Kelima, demi keperluan elektoral Trump dalam pilpres tahun depan dengan menarik suara Kristen Evangelis, yang berdasarkan alasan biblikal mendukung eksistensi Israel.

Jumlah pengikut Evangelis di AS sebesar 25 persen yang dalam Pilpres AS 2016 menentukan kemenangan Trump. Trump juga berharap dapat menjaga dukungan kelompok Yahudi AS yang didorong oleh Netanyahu.

Sangat mungkin Netanyahu sudah melihat konsep “kesepakatan abad ini” dan menyetujuinya. Ini berdasarkan fakta bahwa kebijakan AS di Timur Tengah disusun triumvirat Yahudi, yaitu David Friedman, Duta Besar AS untuk Israel; Jared Kushner, penasihat politik senior sekaligus menantu Trump; dan Jason Greenblatt, utusan khusus AS untuk Timur Tengah.

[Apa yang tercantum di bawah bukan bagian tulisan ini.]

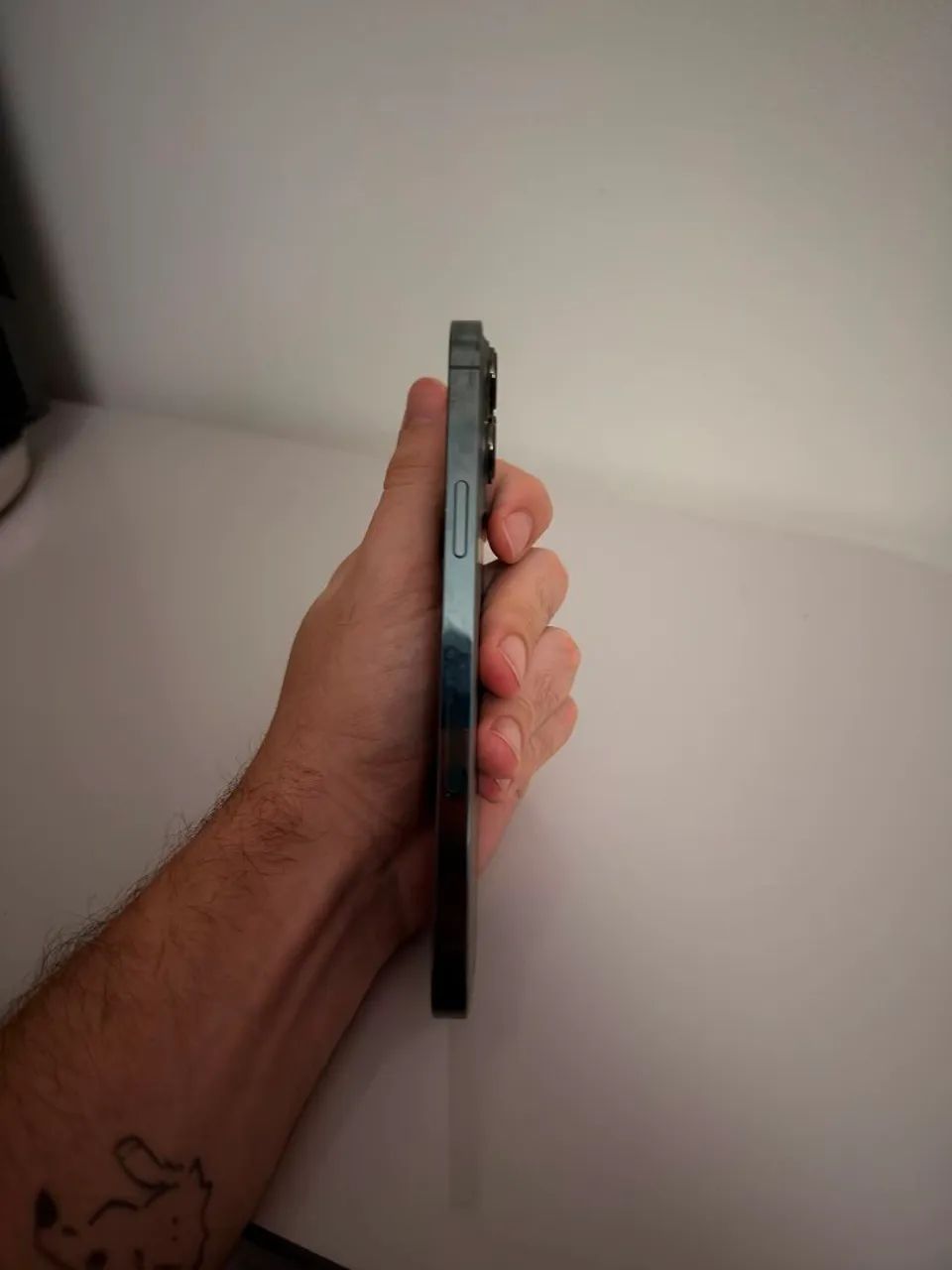 iPhone 13 Pro Max Verde Alpino - Foto 2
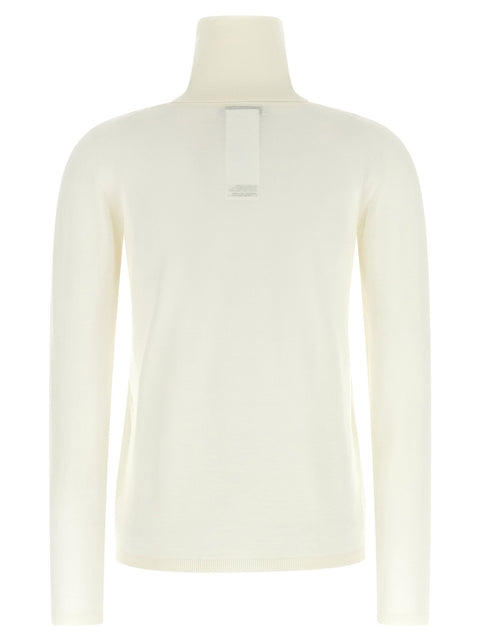 Max Mara Saluto Turtleneck Sweater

Tentu tidak berarti bila Gantz menang, “kesepakatan abad ini” serta-merta ditolak Israel. Gantz, yang tangannya berlumuran darah Palestina pada masa lalu dan sangat bangga dengan apa yang ia lakukan terhadap Palestina, rasanya tidak menolak “kesepakatan abad ini”.

Namun, Trump, yang percaya politik luar negeri dapat lebih efektif bila dijalankan melalui kontak pribadi dengan aktor-aktor politik, tentu telah merasa nyaman dengan Netanyahu yang sudah lama ia kenal dan punya pengaruh besar di Washington.

Sementara itu, dengan Gantz, Trump harus memulai lagi dari nol. Maka, AS akan meluncurkan “kesepakatan abad ini”, siapa pun pemenangnya. Ia yakin Grantz juga akan menyokong kesepakatan yang sangat menghina Palestina dan Arab itu.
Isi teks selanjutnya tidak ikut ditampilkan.